WORK INSTRUCTIONS: Reproduce precisely the lines of the material below from the line containing "Imagen de Bolsa" up to and including its last line. Pictures must not be copied.

GIVEN MATERIAL:
BEGIN
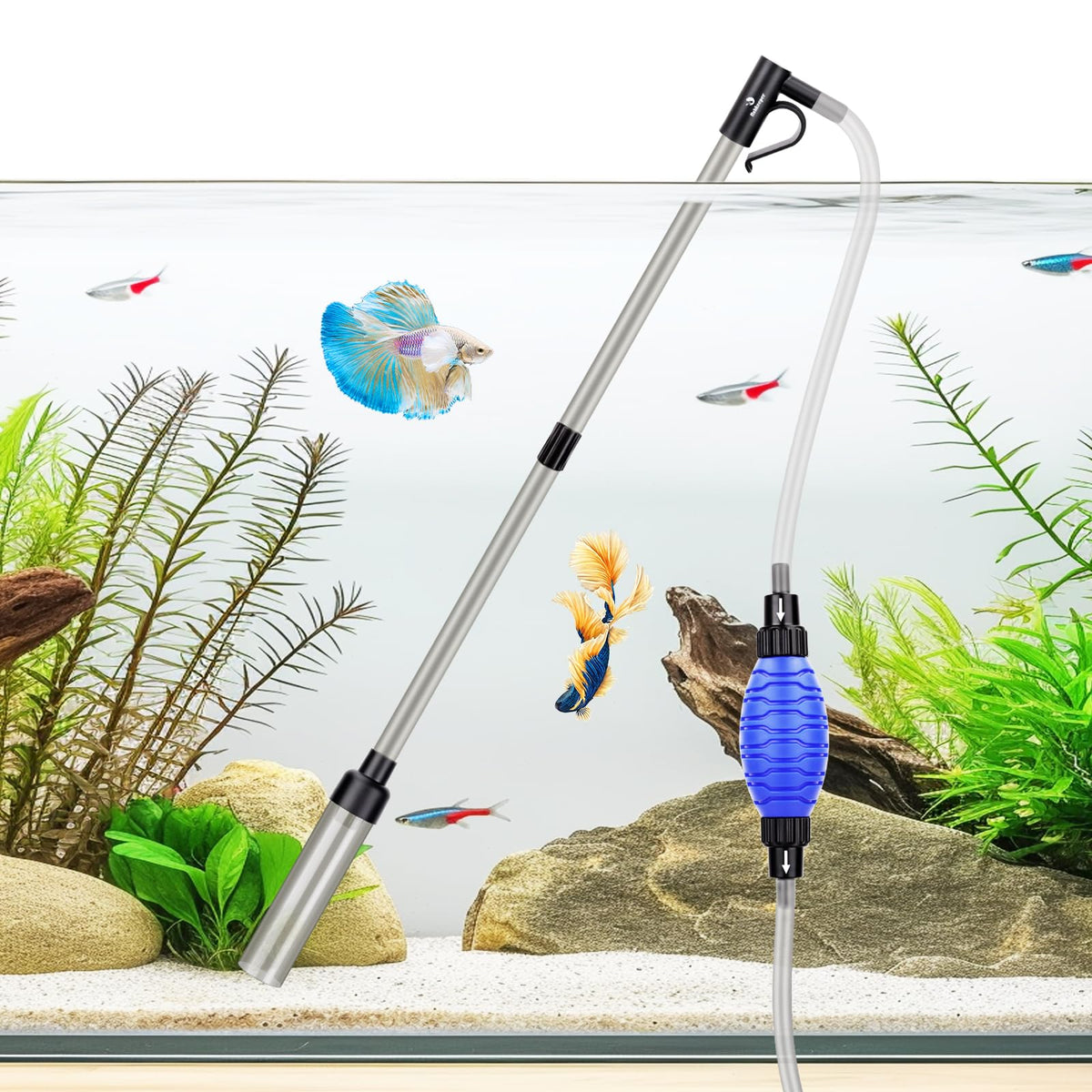 Fishkeeper quick aquarium siphon pump enables quick water changes and debris removal.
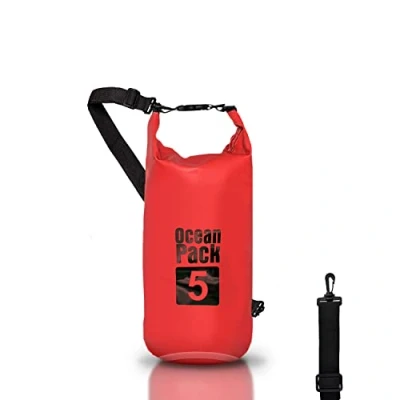 Imagen de Bolsa Estanca 5L 10L 20L, Dry Bag Mare litros, Bolso Seco Mochila impermeable, bandolera ajustable, Seca para Kayak Paseo Barco Canoa Pesca Rafting Camping Playa Natación Snowboard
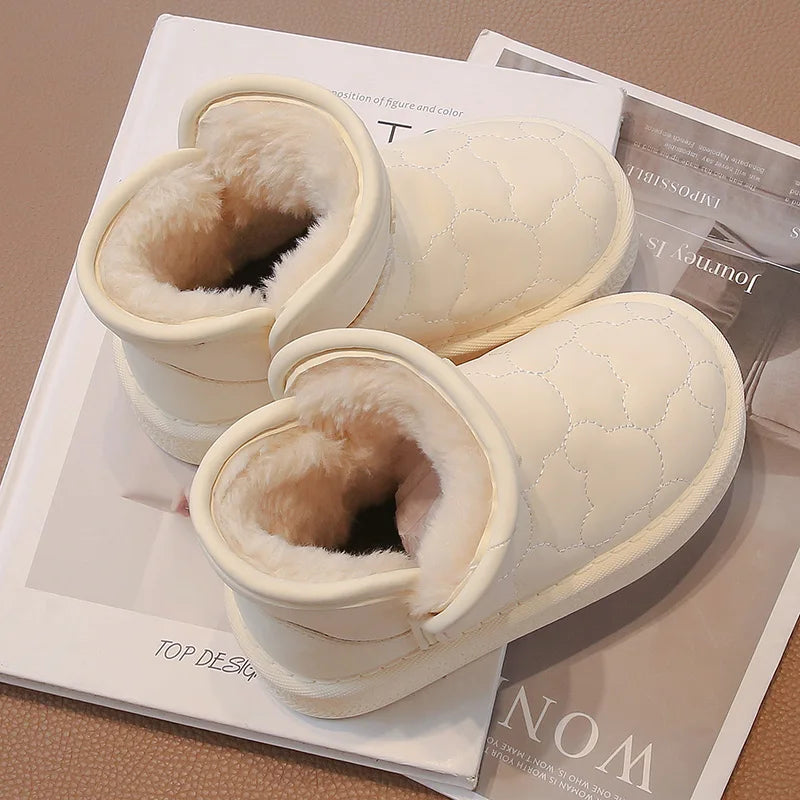 Children's Snow Boots 3-18 Years Old White Waterproof Non-slip Boys Girls Cotton Shoes Winter Soft Non-slip Kids Short Boots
END
EXERCISE OUTPUT:
 Imagen de Bolsa Estanca 5L 10L 20L, Dry Bag Mare litros, Bolso Seco Mochila impermeable, bandolera ajustable, Seca para Kayak Paseo Barco Canoa Pesca Rafting Camping Playa Natación Snowboard
 Children's Snow Boots 3-18 Years Old White Waterproof Non-slip Boys Girls Cotton Shoes Winter Soft Non-slip Kids Short Boots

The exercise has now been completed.